FastText¶

Fasttext IO compat module.

finalfusion.compat.fasttext.load_fasttext(file: Union[str, bytes, int, os.PathLike]) → finalfusion.embeddings.Embeddings [source]¶

Read embeddings from a file in fastText format.

The returned embeddings have a FastTextVocab, NdArray storage and a Norms chunk.

Loading embeddings with this method will precompute embeddings for each word by averaging all of its subword embeddings together with the distinct word vector. Additionally, all precomputed vectors are l2-normalized and the corresponding norms are stored in the Norms.
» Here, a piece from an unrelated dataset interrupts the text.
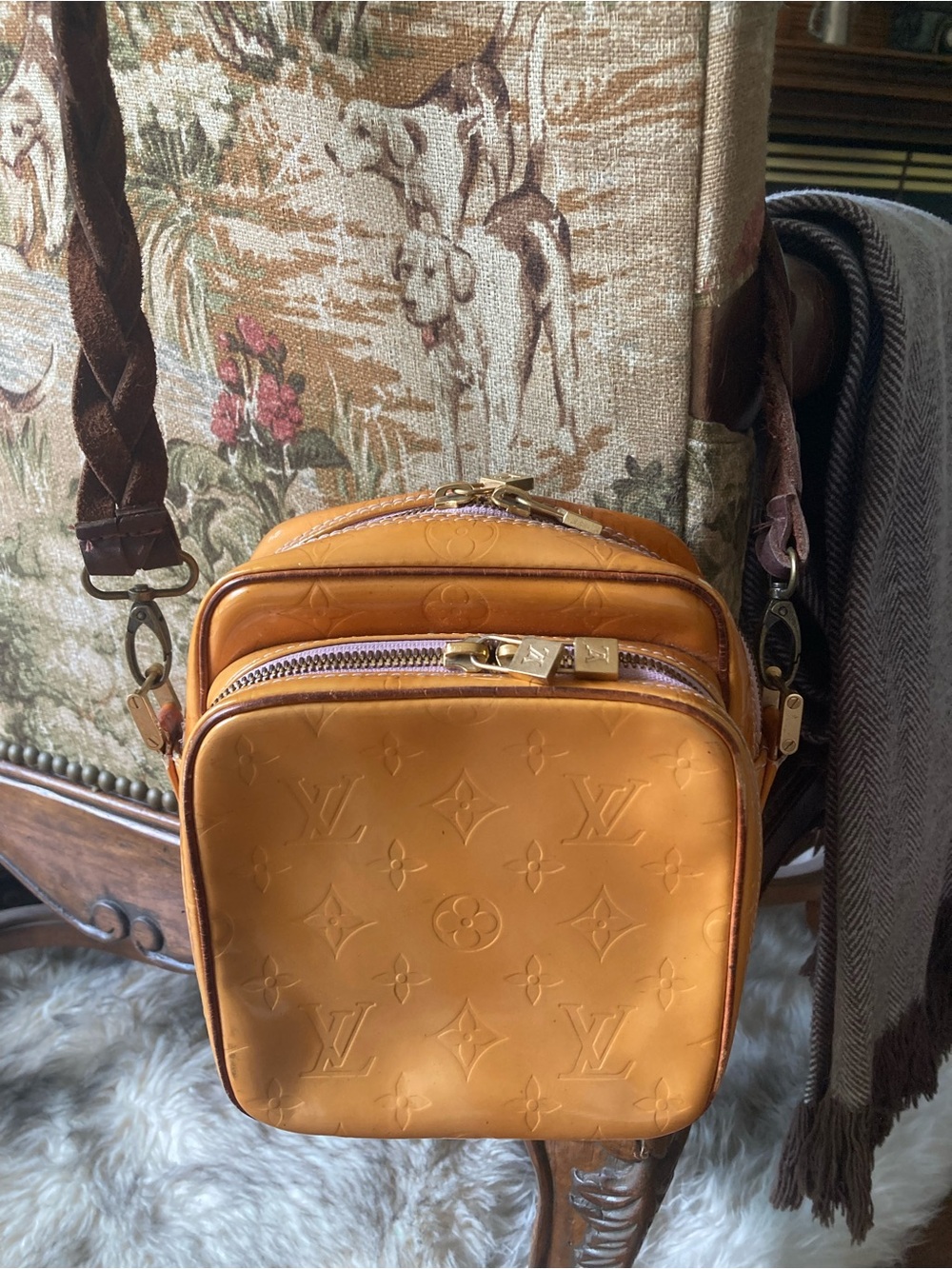 Vintage Louis Vuitton Vernis yellow - Picture 8 of 11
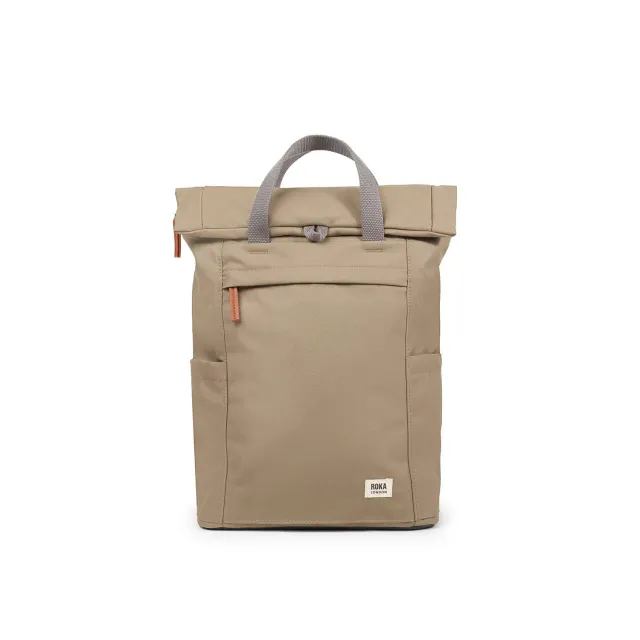 Roka London Finchley rygsæk taupe medium brun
The subword embeddings are not l2-normalized.

Parameters: file (str, bytes, int, PathLike) – Path to a file with embeddings in word2vec binary format.
Returns: embeddings – The embeddings from the input file.
Return type: Embeddings

finalfusion.compat.fasttext.write_fasttext(file: Union[str, bytes, int, os.PathLike], embeds: finalfusion.embeddings.Embeddings)[source]¶

Write embeddings in fastText format.

fastText requires Metadata with all expected keys for fastText configs:

dims: int (inferred from model)
window_size: int (default -1)
min_count: int (default -1)
ns: int (default -1)
word_ngrams: int (default 1)
loss: one of ['HierarchicalSoftmax', 'NegativeSampling', 'Softmax'] (default Softmax)
model: one of ['CBOW', 'SkipGram', 'Supervised'] (default SkipGram)
buckets: int (inferred from model)
min_n: int (inferred from model)
max_n: int (inferred from model)
lr_update_rate: int (default -1)
sampling_threshold: float (default -1)

dims, buckets, min_n and max_n are inferred from the model. If other values are unspecified, a default value of -1 is used for all numerical fields. Loss defaults to Softmax, model to SkipGram. Unknown values for loss and model are overwritten with defaults since the models are incompatible with fastText otherwise.

Some information from original fastText models gets lost e.g.:

word frequencies
n_tokens

Embeddings are un-normalized before serialization: if norms are present, each embedding is scaled by the associated norm. Additionally, the original state of the embedding matrix is restored, precomputation and l2-normalization of word embeddings is undone.

Only embeddings with a FastTextVocab or SimpleVocab can be serialized to this format.

Parameters

file (str, bytes, int, PathLike) – Output file
embeds (Embeddings) – Embeddings to write